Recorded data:
##############################

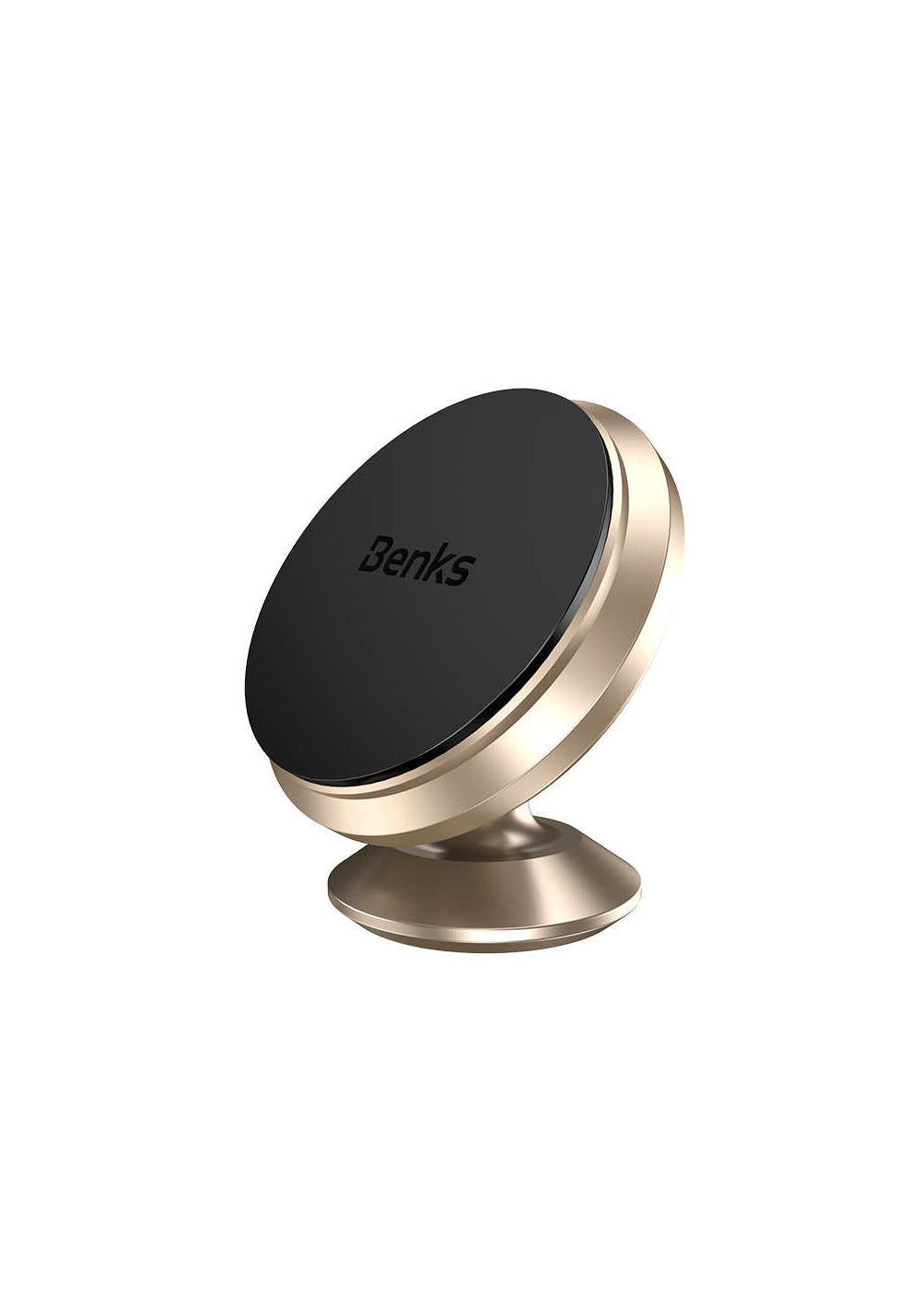 Benks H10 Magnetic Car Mount (Dash Board) Araç Telefon Tutucu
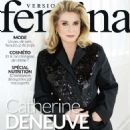 Catherine Deneuve - Version Femina Magazine Cover [France] (2 October 2023)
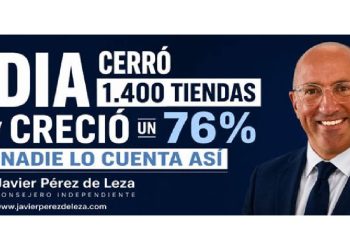 Menos tiendas, más éxito: La brutal lección de Dia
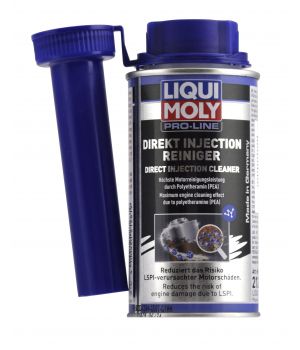 Очиститель систем непосредственного впрыска топлива LIQUI MOLY Профи Pro-Line Direkt Injection Reiniger, 0,12л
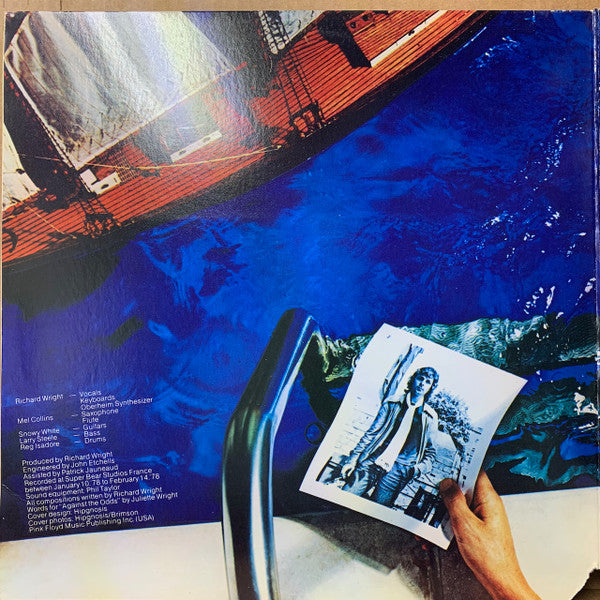 Richard Wright - Wet Dream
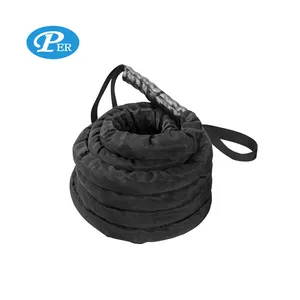 Factory Supplier Customized Battle Rope With Loop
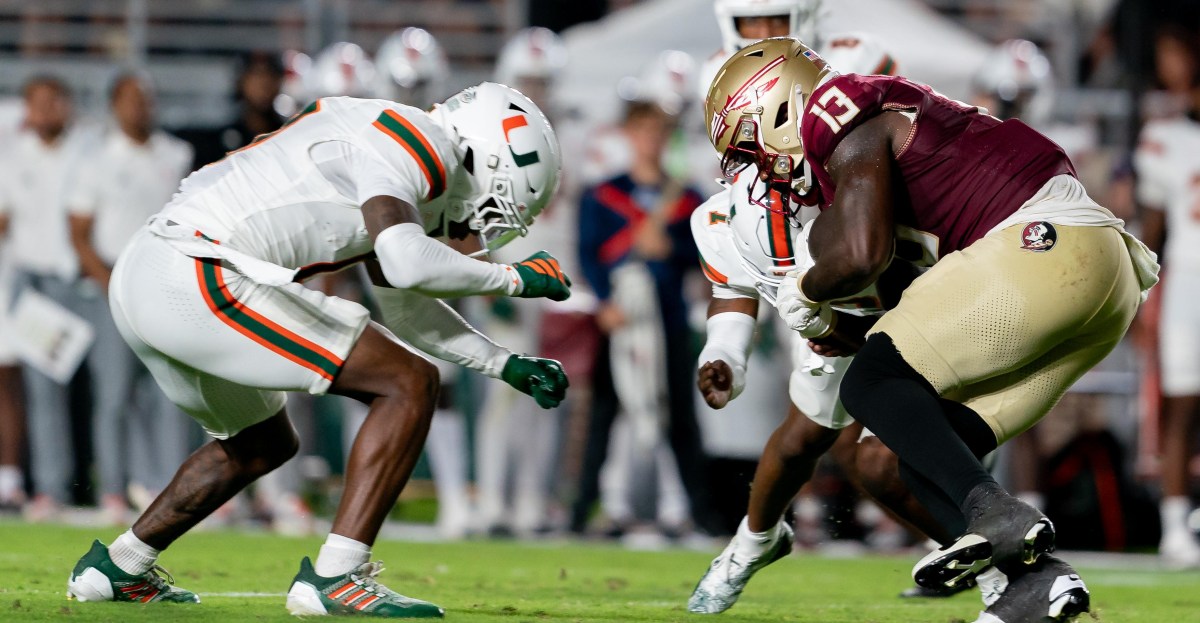 FSU vs Miami Hurricanes Gameday Central: Previews, predictions, how to watch, odds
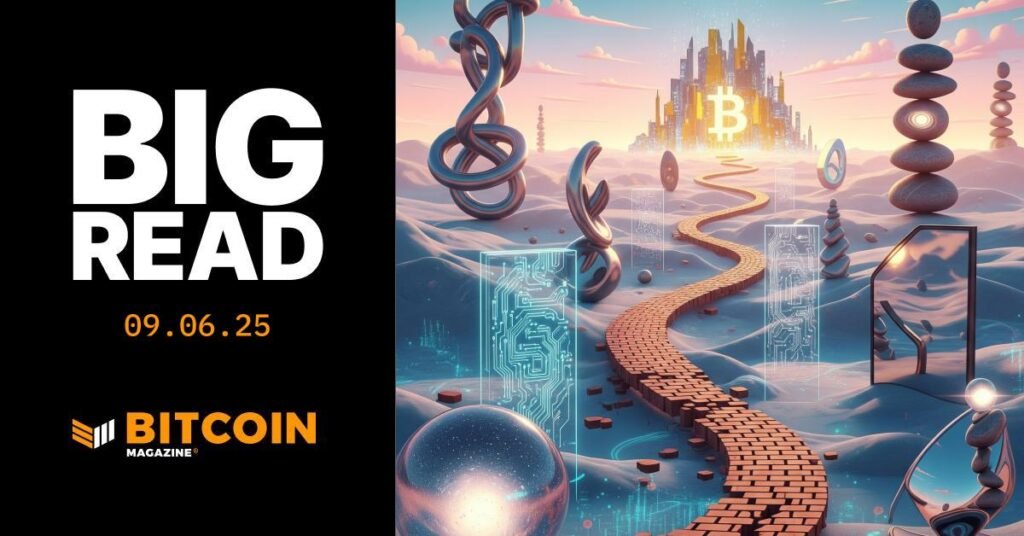 Decentralized Money Didn’t Come From Nowhere Decentralized Money Didn’t Come From Nowhere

##############################

(EXERCISE REQUIREMENTS) Please repeat all of the entries above word for word, but drop any pictures.

(EXERCISE SOLUTION)
 Benks H10 Magnetic Car Mount (Dash Board) Araç Telefon Tutucu
 Catherine Deneuve - Version Femina Magazine Cover [France] (2 October 2023)
 Menos tiendas, más éxito: La brutal lección de Dia
 Очиститель систем непосредственного впрыска топлива LIQUI MOLY Профи Pro-Line Direkt Injection Reiniger, 0,12л
 Richard Wright - Wet Dream
 Factory Supplier Customized Battle Rope With Loop
 FSU vs Miami Hurricanes Gameday Central: Previews, predictions, how to watch, odds
 Decentralized Money Didn’t Come From Nowhere Decentralized Money Didn’t Come From Nowhere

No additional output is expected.